Am Freitag, dem 30. September, waren in den frühen Morgenstunden am Präsidentenpalast in Ouagadougou heftige Schusswechsel zu hören. Soldaten blockierten einige der zentralen Verkehrsachsen in der Hauptstadt von Burkina Faso und schalteten den nationalen Fernsehsender RTB ab. Es war ein Déjà-Vu: Praktisch dieselbe Situation hatte es keine neun Monate zuvor, am 24. Januar, gegeben. Damals setzte ein Putsch unter der Führung von Leutnant-Kolonel Paul-Henri Sandogo Damiba, einem der ranghöchsten Militärs des Landes, den vorherigen zivilen Präsidenten, Roch Marc Christian Kaboré, ab.
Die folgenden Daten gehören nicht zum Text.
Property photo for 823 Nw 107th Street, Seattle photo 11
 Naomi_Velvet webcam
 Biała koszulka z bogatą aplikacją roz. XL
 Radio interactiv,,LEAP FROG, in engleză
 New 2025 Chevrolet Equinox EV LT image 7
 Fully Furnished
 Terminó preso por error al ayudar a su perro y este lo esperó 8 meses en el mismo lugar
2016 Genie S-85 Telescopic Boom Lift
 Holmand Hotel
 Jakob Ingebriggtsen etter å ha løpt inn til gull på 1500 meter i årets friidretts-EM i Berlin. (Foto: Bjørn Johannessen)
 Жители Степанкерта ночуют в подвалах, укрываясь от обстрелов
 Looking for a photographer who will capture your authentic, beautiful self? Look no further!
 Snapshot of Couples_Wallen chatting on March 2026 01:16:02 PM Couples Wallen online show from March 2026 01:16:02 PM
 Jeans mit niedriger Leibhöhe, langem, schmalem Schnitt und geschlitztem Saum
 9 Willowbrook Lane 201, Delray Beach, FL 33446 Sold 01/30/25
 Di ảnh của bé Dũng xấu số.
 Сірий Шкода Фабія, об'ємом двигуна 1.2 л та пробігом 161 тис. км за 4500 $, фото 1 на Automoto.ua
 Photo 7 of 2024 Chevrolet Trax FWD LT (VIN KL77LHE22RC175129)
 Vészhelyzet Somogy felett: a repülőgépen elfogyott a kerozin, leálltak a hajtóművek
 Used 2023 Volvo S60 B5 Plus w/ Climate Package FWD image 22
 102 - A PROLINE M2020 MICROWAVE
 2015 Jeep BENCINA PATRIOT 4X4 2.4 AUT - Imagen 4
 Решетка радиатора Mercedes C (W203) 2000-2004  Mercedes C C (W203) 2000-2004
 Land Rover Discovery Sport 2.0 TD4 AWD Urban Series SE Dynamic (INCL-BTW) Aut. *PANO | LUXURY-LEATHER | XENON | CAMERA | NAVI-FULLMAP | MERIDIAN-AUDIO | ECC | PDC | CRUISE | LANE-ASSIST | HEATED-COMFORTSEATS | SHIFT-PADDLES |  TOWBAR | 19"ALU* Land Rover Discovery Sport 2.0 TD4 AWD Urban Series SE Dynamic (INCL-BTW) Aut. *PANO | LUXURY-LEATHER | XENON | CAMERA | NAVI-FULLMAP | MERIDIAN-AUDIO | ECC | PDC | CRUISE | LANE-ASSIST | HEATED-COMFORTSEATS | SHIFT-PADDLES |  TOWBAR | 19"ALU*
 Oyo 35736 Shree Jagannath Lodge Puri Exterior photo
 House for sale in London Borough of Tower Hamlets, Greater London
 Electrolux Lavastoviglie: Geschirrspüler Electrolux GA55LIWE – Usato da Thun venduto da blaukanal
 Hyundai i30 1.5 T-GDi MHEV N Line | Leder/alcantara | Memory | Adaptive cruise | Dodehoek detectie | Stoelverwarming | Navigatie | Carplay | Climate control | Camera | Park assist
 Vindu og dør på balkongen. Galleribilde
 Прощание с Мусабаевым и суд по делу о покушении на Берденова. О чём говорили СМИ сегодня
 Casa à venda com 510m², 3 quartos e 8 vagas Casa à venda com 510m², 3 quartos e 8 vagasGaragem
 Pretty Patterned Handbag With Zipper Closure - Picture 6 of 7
Den Coup im Januar hatten viele Menschen begrüßt oder sie hatten sich zumindest mit ihm arrangiert. Denn seit der zweiten Hälfte der 2010er Jahre, und deutlich verstärkt in den letzten zwei bis drei Jahren, haben nichtstaatliche bewaffnete, überwiegend dschihadistische Gruppen mit Verbindungen zu Al-Qaida und dem IS in Burkina Faso zahlreiche Anschläge verübt. Annähernd zwei Millionen Menschen, fast zehn Prozent der Bevölkerung, sind derzeit innerhalb des Landes vertrieben. Im Zeitraum von Ende September 2021 bis Ende September 2022 wurden über 4.000 Menschen bei Anschlägen, Gegenoffensiven des Militärs und anderen Aktionen getötet. Damiba und sein Mouvement patriotique pour la sauvegarde et la restauration (MPSR) – die Militärjunta, die im Januar die Macht übernahm – rechtfertigten den damaligen Coup mit dem Versagen der Regierung Kaboré in diesem Kampf gegen die bewaffneten Gruppen.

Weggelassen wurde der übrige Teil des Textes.